Konsep agility (ketangkasan, kesigapan) biasa digunakan dalam teknologi informasi dan komunikasi untuk menggambarkan respons cepat terhadap perubahan yang terjadi. Pemerintahan tangkas dapat dimaknai sebagai aparat yang mampu beradaptasi dengan perubahan secepat atau bahkan lebih cepat daripada perubahan itu sendiri.

Ada empat dimensi ketangkasan yang perlu diperhatikan instansi publik atau korporasi swasta: dari sisi sistem (business systems dan technical practices) dan dari sisi pelaku (budaya dan kepemimpinan).

Dimensi budaya (birokrasi atau korporasi) adalah sekumpulan prinsip dan perilaku organisasional yang menciptakan lingkungan kerja. Faktor ini terbangun sejak lama pada saat sebuah lem baga muncul. Perkembangan zaman menuntut suatu lembaga untuk menyesuaikan prinsip dan perilaku agar tetap mencapai tujuan yang telah dicanangkan. Ada sejumlah tantangan dari dimensi budaya, yakni kepuasan-ketidakpuasan dalam bekerja, kemampuan kerjasama, kesadaran menentukan arahan mandiri (self-direction), dan kapasitas untuk bekerja lintas organisasi.

Dimensi kepemimpinan punya dua tujuan, yaitu menyediakan arah kebijakan yang jelas dan menghilangkan hambatan serta memperlancar jalan mencapai tujuan kolektif. Namun, tantangan yang dihadapi juga berat: kepercayaan terhadap proses yang berulangkali dijalani dan kehadiran/kewenangan/ pengetahuan sang pemimpin dalam merespons kondisi yang dinamis.

Dimensi sistem bersifat lebih objektif dan membuahkan dampak lebih strategis ketimbang faktor budaya atau gaya kepemimpinan. Sistem kerja (birokrasi/ korporasi) meliputi proses, peralatan, kepercayaan, dan kebijakan yang mendukung pencapaian tujuan. Tantangannya adalah laporan kinerja yang bersifat formal (ABS), alokasi pegawai yang terdistribusi habis, masa kerja yang terbatas, dan pelaporan tentang keadaan.

Dimensi teknis meliputi perlengkapan dan teknik yang digunakan untuk memenuhi kepentingan publik. Tantangannya, kesanggupan menyerap peralatan baru, merawat peninggalan lama, dan menumbuhkan kepercayaan atas praktik baru.

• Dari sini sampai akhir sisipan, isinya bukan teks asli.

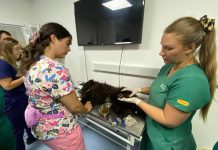 UDLA brinda atención veterinaria a mascotas afectadas por incendios forestales y habilita centros de acopio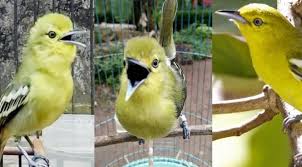 Burung kemade cabai bunga api gacor durasi panjang. Suara Trucukan Ngoceh Youtube Cute766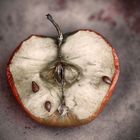  Apple-Beauty in Decay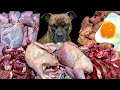 MUKBANG ASMR Dog eating Raw Meats！Omnibus 【American Bully】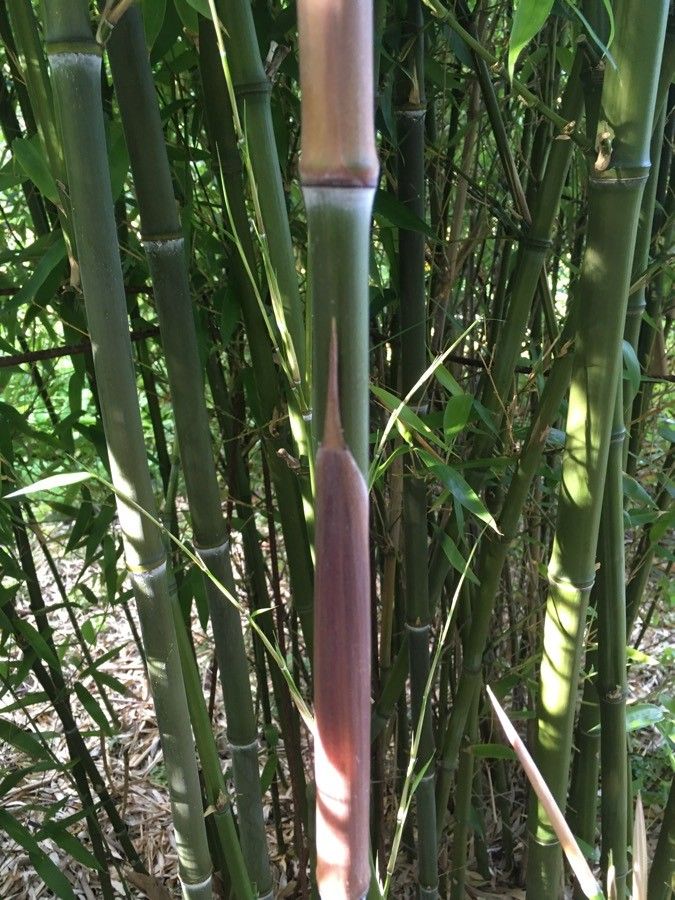 Phyllostachys atrovaginata — related species from the same genus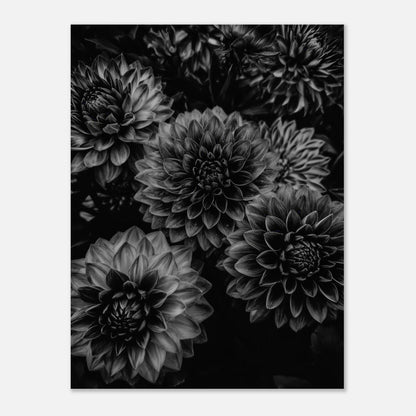 5ba54b28-2b45-400f-acf9-02a266ce0e49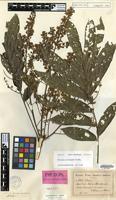 Isotype of Talisia setigera Radlk. [family SAPINDACEAE]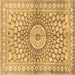 Square Persian Brown Traditional Rug, tr4688brn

Apakah pemerintahan baru Jokowi-JK mampu menjawab tantangan itu? Rakyat akan melihatnya pada langkah pertama yang diambil dengan membentuk susunan kabinet yang siap bekerja sejak hari pertama. Rakyat juga akan bersabar memberi kesempatan lima tahun kepada Jokowi-JK untuk memenuhi semua janji politiknya. Warisan birokrasi lama bukan lagi alasan karena pemimpin baru punya otoritas untuk mengubahnya.